In any case, they suck.

Just because they are modified to under-volt doesn't mean they are actually "3V".
Again, it's quite impossible for Li-Ion to work nominally that way.
The K100D/200D are designed for maximum 6.5V input, nominally 4.8-6V.
You use RCR-V3 and you utterly borderline or, far more likely, violate that, and put its own end-device regulator into a position it was never designed for.

That's in addition to the various, non-standard "3rd terminal" options.
Those "3rd terminals" are a non-standard modification so the end-device won't "accidentally" receive the nominal 4.2V (absolute minimum 4.0V) open/charge voltage that Li-Ion requires.
Yes, that makes them "safer" than the standard 2 terminal RCV-V3.
But it still doesn't remove the fact that you're still running a material that never runs at 3V.

Non-rechargeable CR-V3 is Li-Mn, not Li-Ion, and nominal 3V -- with no "charge" voltage/transient issue.
Even Energizer e2 Photo Lithium is Li-Fe, not Li-Ion, and nominal 1.5V -- again, with no "charge" voltage/transient issue.
Rechargeable Li-Ion is nominal 3.6-3.7V -- with a "charge" voltage/transient of 4.0-4.2V (sometimes 4.4V, depending on the device).
The "3rd terminal" ones with alleged "voltage regulation" only solve the latter, they don't address the former.

Under-volting Li-Ion in the hope of reaching 3.2-3.3V which is only a 7-10% over-volt (instead of 20% like nominal Li-Ion) only makes the RCR-V3 last far shorter, and have far less lifespan.

"But my AF motors are snappy!" -- Of course, you're over-volting them. That's typically okay, but ...
"Oh, if my camera locks up, I just turn if off/on again" -- Of course, you're over-volting your microelectronics by 7-10% (or even 20%+), which causes temporary "transconductance" (which destroys the semiconductors over time) while your AF is "snappy" (motors are different, with far more tolerance).
The K100D/200D is designed for 4.8-6V, maximum 6.5V, and 2x Li-Ion is well beyond that, or even "under-volted" ones are either borderline at best, but over is more typical.
Your K100D/200D should never, ever "lock up" as its semiconductors and other microelectronics are quite robust.
If has "locked up" which required a hard reset, and you're using RCR-V3s, you have your answer, even if very infrequently.

I fully agree that 4x NiMH is too low of a voltage (1.2V/battery, possibly 1.3V/full charge), too many brands have inadequate real-time current (the K100D/200D easily uses 1500mA real-time current at around 5V), to make the AF peppy.
But going the other way (RCR-V3) is far, far worse for camera longevity, let alone just jacks up risk a couple orders of magnitude.
That's why I only use non-rechargeable 2x CR-V3 or, more inexpensive yet, 4x AA Li-Fe (Energizer e2 Photo Lithium), which are 2 x 3V and 4 x 1.5V, respectively, and can output more than 2A (2.6A specifically from Energizer's charts).
They cost a whole $6/set at Costco/Sam's Club in packs of 3 sets (12 batteries), and last a lot longer than the under-volted RCR-V3s (let alone are much, much safer of a material for the unit they were never designed for).

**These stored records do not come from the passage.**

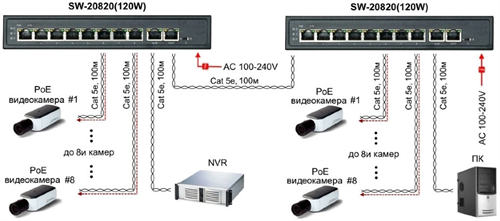 Коммутатор Osnovo SW-20820(120W) (L2) 8x100Мбит/с 2x1Гбит/с 8PoE 120W неуправляемый SW-20820(120W)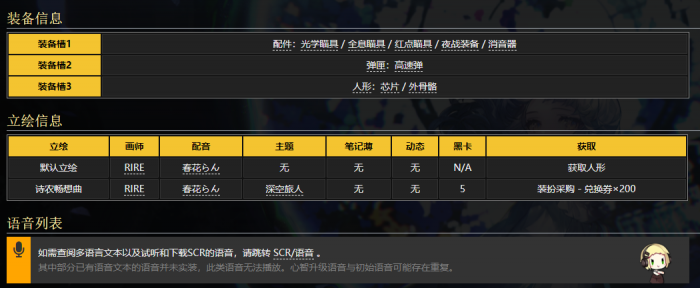 少女前线SCR是什么角色3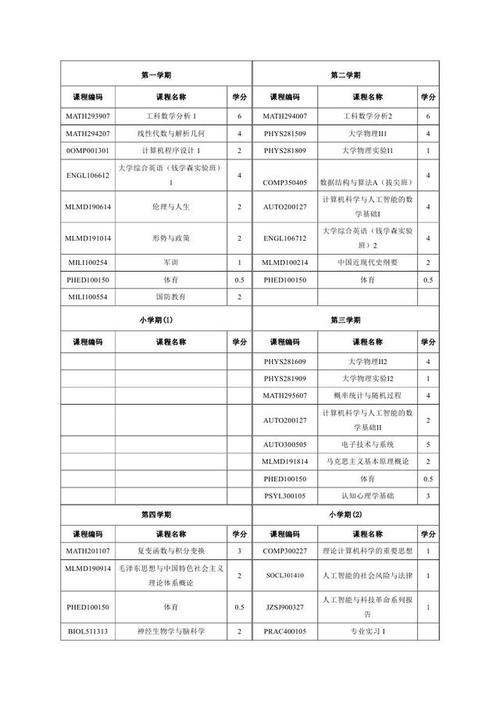 西安交大精品课有哪些？如何访问学习？-第1张图片-指南针培训网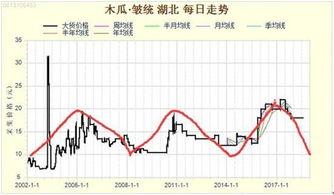 扁瓜今日价格行情走势,今日行情走势解析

Again, there is not one (1), single end-user device on the planet certified for Rechargeable CR-V3.
I'm more than willing to be shown such a unit, but the actual end-devices (not the "battery's marketing") always either use non-rechargeable 3V CR-V3, 1.5V AA or, in the case of rechargeable Li-Ion, are explicitly designed with a specific battery that is a multiple of 3.6-3.7V (not 3V).
Why? Because Li-Ion is incapable of reaching 3V, and most marketing out there is not reality (much less not certified for any device on the planet).

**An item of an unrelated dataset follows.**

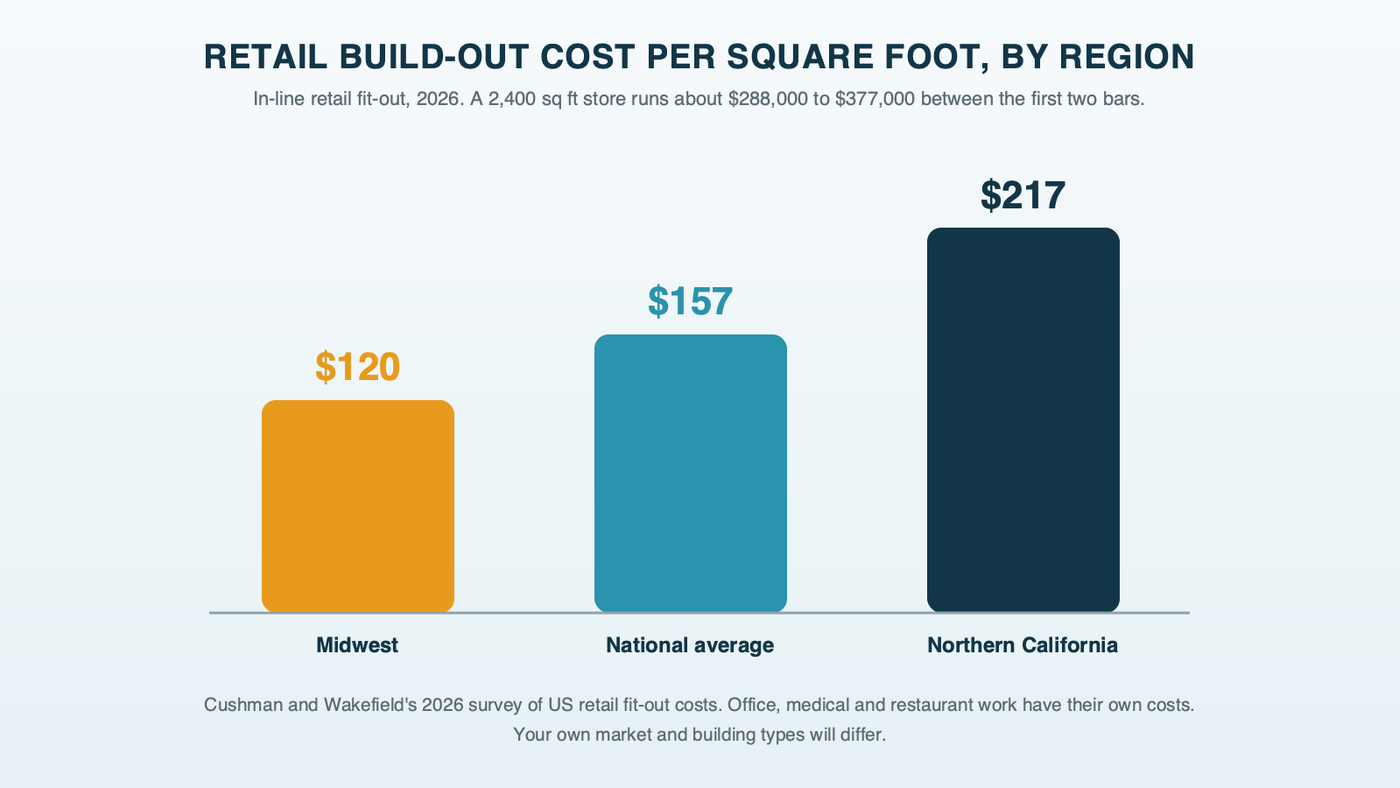 Retail build-out cost per square foot by region from Cushman and Wakefield's 2026 survey: Midwest $120, national average $157, Northern California $217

It's one thing not to use a certified battery for an end-device, people debate that all the time, but at least the end-device was designed for 7.2-7.4V Li-Ion (or some multiple of 3.6-3.7V).
What you're talking about with RCR-V3 in the K100D/200D is purposely and willfully over-volting the unit with a material it was never designed for.
Again, virtually all "3V marketed" RCR-V3 devices are, at best, 3.2V, and typically much closer to the natural 3.6-3.7V of Li-Ion under load/nominal.
If they have the "3rd terminal" for charging, that just means it removes the possibility of the 4.0-4.2V (possibly 4.4V) transient that's required to charge, and Li-Ion batteries have been known to sometimes output their charging voltage when full/recently removed from charger.
Devices designed for Li-Ion batteries handle this, and have much better/stronger regulation logic in that end-device, whereas more inexpensive devices that take AA/CR-V3 do not, and NiCD/NiMH are lower voltage (not higher), don't have the swinging issue (or combustion possibility for that matter), etc... like Li-Ion.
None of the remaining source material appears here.